Regrettably missed: Shawscope Volume One (Arrow), The Red Shoes – 4K Ultra HD (Criterion), Blood for Dracula – 4K Ultra HD + Blu-ray (Vinegar Syndrome), Flesh for Frankenstein – 4K Ultra HD + Blu-ray 3D (Vinegar Syndrome), Who Framed Roger Rabbit – 4K Ultra HD (Buena Vista), Hard Target – 4K Ultra HD (Kino Lorber), The Brown Bunny (Vincent Gallo at a Kinko’s), Columbia Noir #2 (Indicator), Some Came Running (Warner Archive), The Outsiders – 4K Ultra HD (Warner), Atom Egoyan (Artificial Eye), Melvin Van Peebles: Essential Films (Criterion), Dune – 4K Ultra HD (Arrow), Ragtime (Paramount), The Dead Zone (Scream Factory), Collaborations: The Cinema of Zhang Yimou & Gong Li (Imprint), The Incredible Shrinking Man (Criterion)
Runners-up (in no particular order): Mulholland Drive – 4K Ultra HD (Criterion), The Thing – 4K Ultra HD (Universal), The Ten Commandments – 4K Ultra HD (Paramount), My Fair Lady – 4K Ultra HD (Paramount), Siberia (Lionsgate), A Clockwork Orange – 4K Ultra HD (Warner), Drunken Master II (Warner Archive), No Time to Die (Universal), Defending Your Life (Criterion), Mad Max Anthology – 4K Ultra HD (Warner), True Romance – 4K Ultra HD (Arrow)
#11 (late addition, 12/24/21 (oops)): Explorers – Blu-ray (Scream Factory)

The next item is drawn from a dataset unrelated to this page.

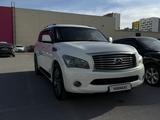 Infiniti QX56 2013 года за 14 000 000 тг. в Астана – фото 3
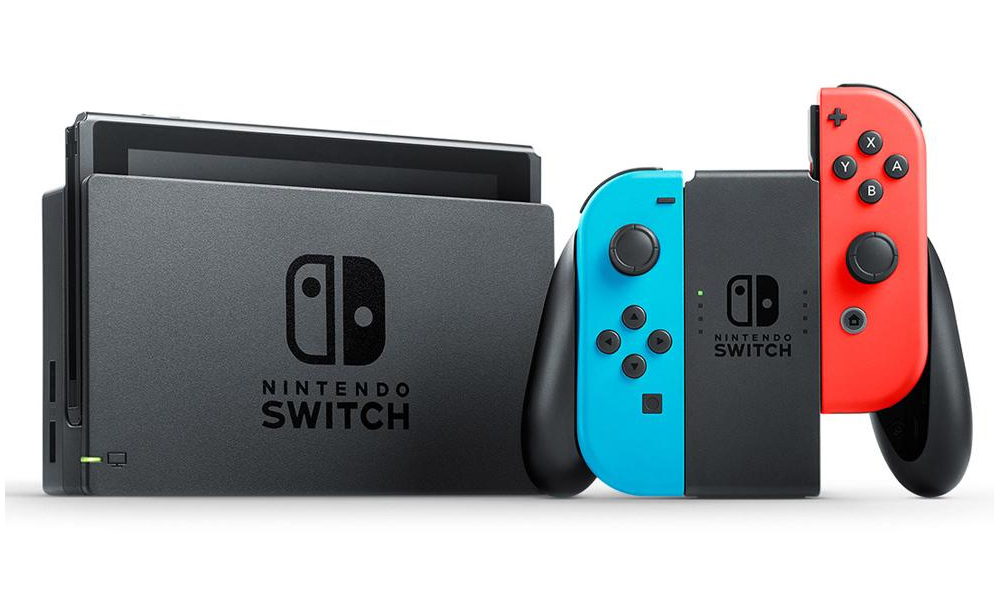CONSOLA NINTENDO SWITCH NEON 32GB 2 CONTROLES JOY-CON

Warner Archive, Region-free
How is this movie 31 years old? And why did we wait so long for a Blu-ray? (Ditto #s 7 and 3 on this list.) Pump Up the Volume put the Golden Age of Teen Cinema to bed with a primal scream and a killer soundtrack. Decades later, it seems extremely prescient–you want to reassure its troublemaker hero that someday he’ll have a podcast sponsored by a fabric softener. The Blu-ray is bare-bones but the transfer is unimpeachable; an irresistable platter, ultimately.
Paramount, Region-free
Walter and Bryant already had the last word on these movies and this collection, respectively, so I will simply echo Bryant and say that this box set would’ve ranked higher had the studio shown it a little more love as an artifact. That foldout map ain’t shit–but my god do these movies look stunning in 4K.
Paramount, Region-free
This one’s for Bryant, who was working on a review of it before he passed away. Bryant considered this lean, mean fusion of Duel and Sporloos to be one of the best movies of the ’90s, and I concur. Paramount’s finally rolled out the red carpet for it with a new 4K scan supervised by director Jonathan Mostow, ferocious Dolby TrueHD audio, a yak-track from Mostow and commentary hall-of-famer Kurt Russell, retrospective interviews, and an alternate opening so indescribably, insanely wrong for this film that Bryant DM’d me about it at 8 in the morning, fearing I had sent the disc to him without watching it.
Imprint, Region-free
Emerging Australian label Imprint is the first to release David Lynch’s G-rated marvel in the English-language market, and although the master clearly dates back to the early days of HD, it’s still a good deal better than an upconvert of the old Disney DVD. Plus, you finally get some extras to go with the film, including an informative commentary from critic Peter Tonguette and an interview with the movie’s location managers that is more riveting than you may expect. The packaging itself is a thing of beauty.
Criterion, Region A
My personal favourite of Alan J. Pakula’s “paranoia trilogy,” and surely one of the most hopeless of all ’70s downers. But what I noticed on this latest viewing was how the movie smuggles a lot of that bleakness in amongst concessions to popular cinema of the time: a bar fight that has Warren Beatty crashing through plate-glass windows, a muddy police chase straight out of Macon County Line. 1974 audiences must’ve felt whiplash, if not outright swindled. Regardless, a timeless film, especially in mood. Criterion’s presentation is nonpareil and features a most-welcome interview with Jon Boorstin, who crafted both the Parallax test and the brilliant montage used to brainwash new recruits–a masterpiece in its own right.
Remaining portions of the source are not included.